Au début de ma vie chrétienne,
j’ai presque été induit en erreur par l’une des résolutions
du Président Edwards, qui soutenait que lorsqu’il était tombé
dans quelque péché, il revenait à sa source, puis
combattait et priait de toutes ses forces jusqu’à ce qu’il ait obtenu
la victoire sur ce péché. Une telle attitude dirige notre
attention sur notre péché et sur sa source. Quand nous prenons
des résolutions et que nous luttons de cette manière, nous
gardons les yeux fixés sur le péché et nous les détournons
complètement de Christ.
Il est important de dire ici que
de tels efforts sont pires qu’inutiles. Ils aboutissent souvent à
une séduction. Nous perdons de vue tout d’abord ce qui constitue
réellement le péché, ensuite le seul moyen possible
de l’éviter. On peut certes ainsi
réprimer l’acte extérieur,
mais nous ne touchons pas du tout à ce qui constitue réellement
le péché. Le péché n’est pas un acte visible,
mais quelque chose d’intérieur. Ce n’est pas un acte mettant en
jeu nos muscles. Ce n’est pas une décision de notre volonté,
qui fait agir nos muscles. Ce n’est pas un sentiment ou
un désir involontaire. Le
péché n’est rien d’autre qu’une préférence
librement choisie, une décision volontaire de satisfaire un désir
personnel. C’est cela qui est à l’origine de toutes les actions,
intentions, et décisions qui en découlent, et que l’on appelle
communément “péché.”
Quelle résolution prendre
contre cette religion de résolutions et d’efforts pour supprimer
le péché et se sanctifier ? “L’amour est l’accomplissement
de la loi.” Mais pouvons-nous produire de l’amour par une résolution
? Pouvons-nous éliminer
l’égoïsme par une résolution
? Certainement pas ! Nous pouvons certes supprimer telle ou telle manifestation
d’égoïsme, en prenant la résolution de ne plus faire
ceci ou cela, ou en priant et en luttant. Nous pouvons adopter une forme
extérieure
d’obéissance, et nous forcer
à obéir à la lettre des commandements de Dieu. Mais
il est absurde de vouloir éliminer l’égoïsme de notre
nature par une résolution ! De même, il est absurde de se
forcer à obéir en esprit aux commandements de Dieu. On ne
peut se forcer à aimer, comme la loi de Dieu l’exige. Beaucoup prétendent
que le péché commence dans nos désirs.
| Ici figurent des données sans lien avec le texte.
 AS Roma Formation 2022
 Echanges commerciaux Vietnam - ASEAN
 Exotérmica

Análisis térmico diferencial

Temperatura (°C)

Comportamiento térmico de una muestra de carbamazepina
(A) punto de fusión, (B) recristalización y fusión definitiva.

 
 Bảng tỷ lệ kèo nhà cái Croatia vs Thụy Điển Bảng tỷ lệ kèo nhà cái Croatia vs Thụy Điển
Soit. Mais
pouvons-nous contrôler nos désirs par la force de nos résolutions
? Nous pouvons nous abstenir de satisfaire un désir
particulier par la force d’une
résolution. Nous pouvons faire mieux encore, et nous abstenir de
satisfaire nos désirs dans notre vie extérieure. Mais cela
ne nous remplit pas d’amour pour Dieu, car c’est cela la véritable
obéissance. Nous pouvons devenir des ermites, nous emmurer dans
une cellule, et crucifier tous nos désirs et nos appétits.
Nous n’aurons réussi qu’à éviter certaines formes
de péché, que nous serons parvenus à contrôler.
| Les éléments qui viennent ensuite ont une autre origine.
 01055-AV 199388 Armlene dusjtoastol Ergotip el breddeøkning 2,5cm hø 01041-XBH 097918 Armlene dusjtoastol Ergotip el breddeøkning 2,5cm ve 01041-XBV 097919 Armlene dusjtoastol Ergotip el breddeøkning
Mais nous n’aurons pas touché
à la racine même du péché. Nos résolutions
n’ont pas créé l’amour en nous. Aimer Dieu, c’est Lui obéir
véritablement. Tous nos combats contre le péché dans
notre vie extérieure, par la force de nos résolutions, n’aboutissent
qu’à faire de nous des sépulcres blanchis. Tous nos combats
contre nos désirs par la force de nos résolutions ne mènent
à rien. Même si nous parvenons à supprimer le péché,
dans sa manifestation extérieure ou dans nos désirs intérieurs,
cela n’aboutira qu’à la
séduction. Nous ne pouvons pas aimer par la force de nos résolutions.
Tous ces efforts pour vaincre le
péché sont parfaitement futiles. Ils sont aussi contraires
à l’enseignement de la Bible qu’ils sont futiles. La Bible nous
enseigne clairement que le péché ne peut être vaincu
que par la foi en Christ. “Il a été fait
pour nous sagesse, justice, sanctification,
et rédemption.” “Il est le chemin, la vérité, et la
vie.” Dieu nous demande de “purifier nos coeurs par la foi” (Actes 15 :9).
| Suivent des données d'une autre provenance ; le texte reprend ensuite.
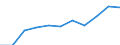 Standardisierte internationale Klassifikation der Energieprodukte (SIEC): Insgesamt / Energiebilanz: Brutto verfügbare Energie / Maßeinheit: Kilogramm Rohöleinheiten (KGRÖE) pro Kopf / Geopolitische Meldeeinheit: Georgien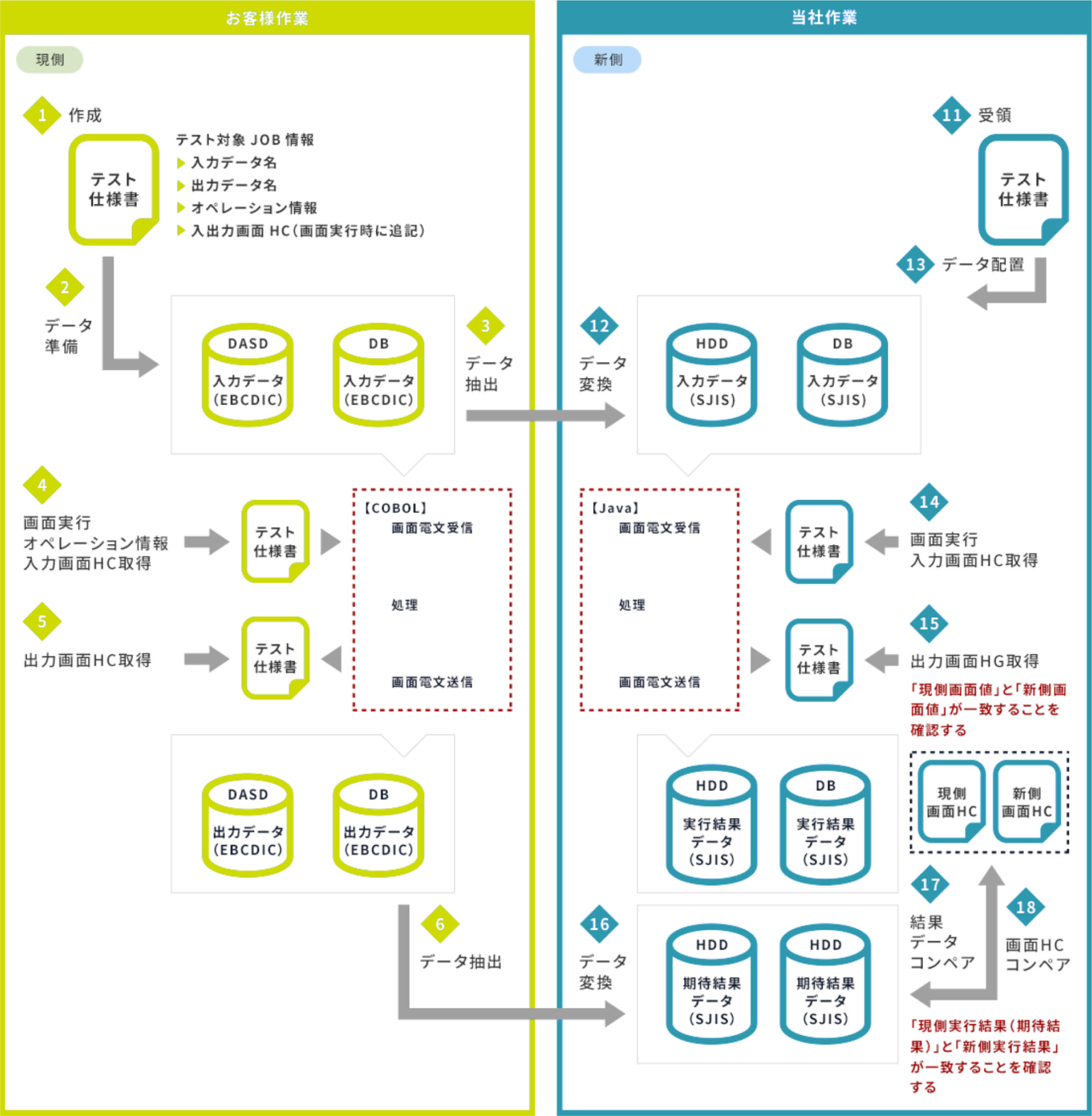 現新比較テスト方法 Online環境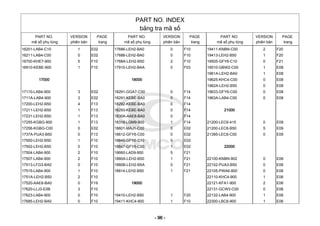 PART NO. INDEX
bảng tra mã số
PART NO.
mã số phụ tùng
VERSION
phiên bản
PAGE
trang
PART NO.
mã số phụ tùng
VERSION
phiên bản
PAGE
trang
PART NO.
mã số phụ tùng
VERSION
phiên bản
PAGE
trang
16201-LAB4-C10 1 E02
16211-LAB4-C00 0 E02
16700-KHE7-900 5 F10
16910-KEBE-900 1 F10
17000
17110-LAB4-900 3 E02
1711A-LAB4-900 3 E02
17200-LEH2-B50 4 F13
17211-LEH2-B50 1 F13
17231-LEH2-B50 1 F13
17255-KGBG-900 1 F13
17256-KGBG-C00 0 E02
1737A-PUA3-B50 0 F13
17500-LEH2-B50 1 F10
17502-LEH2-B50 0 F10
17504-LAB4-900 2 F10
17507-LAB4-900 2 F10
17513-LFG3-BA0 0 F10
17515-LAB4-900 1 F10
1751A-LEH2-B50 2 F10
17520-AAE8-BA0 0 F19
17620-LLJ3-E0B 3 F10
17623-LAB4-900 0 F10
17685-LEH2-BA0 0 F10
17686-LEH2-BA0 0 F10
17688-LEH2-BA0 0 F10
1768A-LEH2-B50 2 F10
17910-LEH2-BAA 0 F03
18000
18291-GGA7-C00 0 F14
18291-KEBE-BA0 0 F14
18292-KEBE-BA0 0 F14
18293-KEBE-BA0 0 F14
1830A-AAE8-BA0 0 F14
18318-LGM9-900 1 F14
18601-MAJ1-C00 0 E02
18612-GFY6-C00 0 E02
18646-GFY6-C10 0 E02
18647-GFY6-C00 1 E02
18660-LAD9-900 5 F21
1880A-LEH2-B50 1 F21
1880B-LEH2-B5A 0 F21
18814-LEH2-B50 1 F21
19000
19410-LEH2-B50 1 F20
19411-KHC4-900 1 F10
19411-KNBN-C00 2 F20
19413-LEH2-B50 1 F20
19505-GFY6-C10 0 F21
19510-GBW2-C00 1 E08
1961A-LEH2-BA0 1 E08
19625-KHC4-C00 0 E08
1962A-LEH2-B50 0 E08
19633-GFY6-C00 0 E08
1963A-LAB4-C00 0 E08
21000
21200-LEC6-415 0 E09
21200-LEC6-B50 5 E09
21395-LEC6-C00 0 E09
22000
22100-KNBN-902 0 E06
22102-PUA3-B50 0 E06
22105-PWA6-800 0 E06
22110-KHC4-900 1 E06
22121-KFA1-900 2 E06
22131-GCW3-C00 0 E06
22132-LAB4-900 1 E06
22300-LBC6-900 1 E06
- 96 -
Dans Actes 26 :18, il est affirmé que les saints sont sanctifiés
par la foi en Christ. Dans
Romains 9 :31-32, il est affirmé
que les Juifs ne sont pas parvenus à la justice, parce qu’ils l’ont
“cherchée, non par la foi, mais comme provenant des oeuvres.” La
doctrine de la Bible établit que Christ sauve Son peuple du péché
par la foi. C’est par
la foi que nous pouvons recevoir
l’Esprit de Christ, pour qu’Il demeure dans notre coeur. La foi est agissante
par l’amour. L’amour est produit et maintenu par la foi. C’est par la foi
que les chrétiens peuvent “vaincre le monde, la chair et le diable.”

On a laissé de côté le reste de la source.